Information shown:
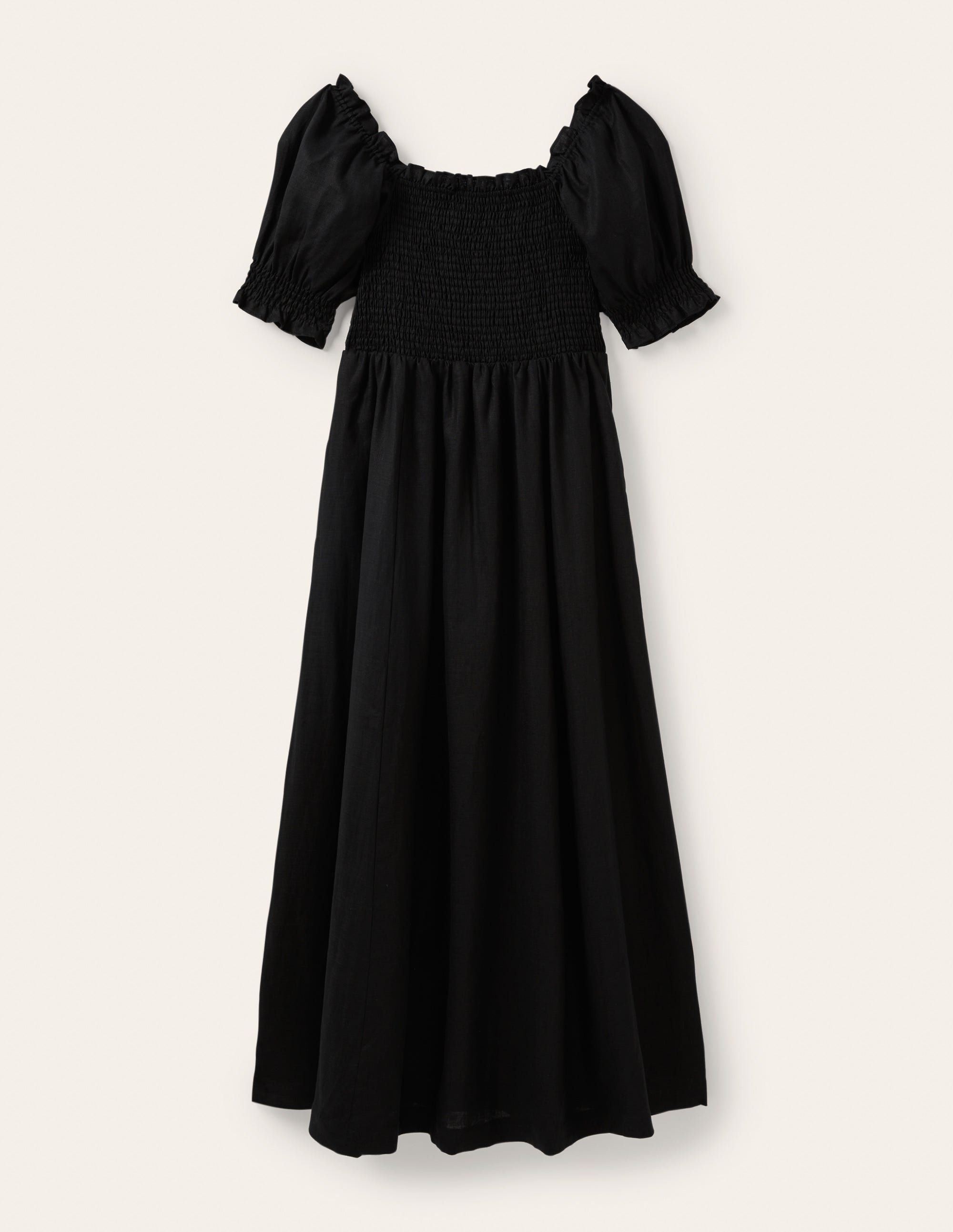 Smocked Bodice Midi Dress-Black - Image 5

--

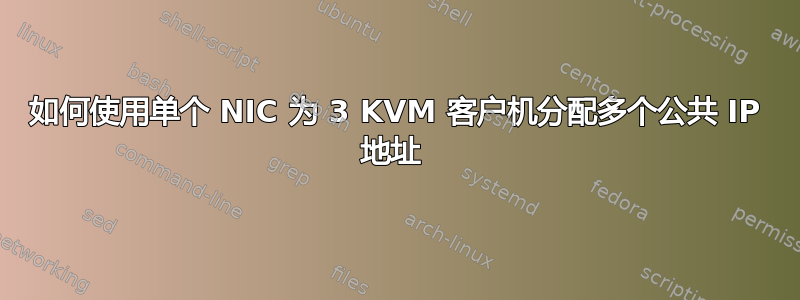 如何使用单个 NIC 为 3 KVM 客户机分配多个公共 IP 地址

--

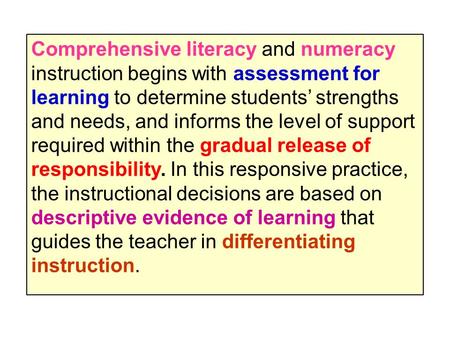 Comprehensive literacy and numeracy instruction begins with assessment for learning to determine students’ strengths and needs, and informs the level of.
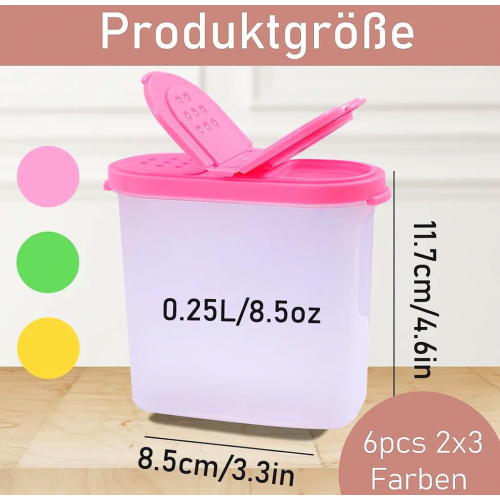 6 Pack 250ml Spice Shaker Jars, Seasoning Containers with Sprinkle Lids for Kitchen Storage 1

Task instructions: Return exactly the part of the listing above that opens with the line containing "Comprehensive literacy and" and closes with the line containing "6 Pack 250ml". Pictures stay out.

Exercise answer:
 Comprehensive literacy and numeracy instruction begins with assessment for learning to determine students’ strengths and needs, and informs the level of.
 6 Pack 250ml Spice Shaker Jars, Seasoning Containers with Sprinkle Lids for Kitchen Storage 1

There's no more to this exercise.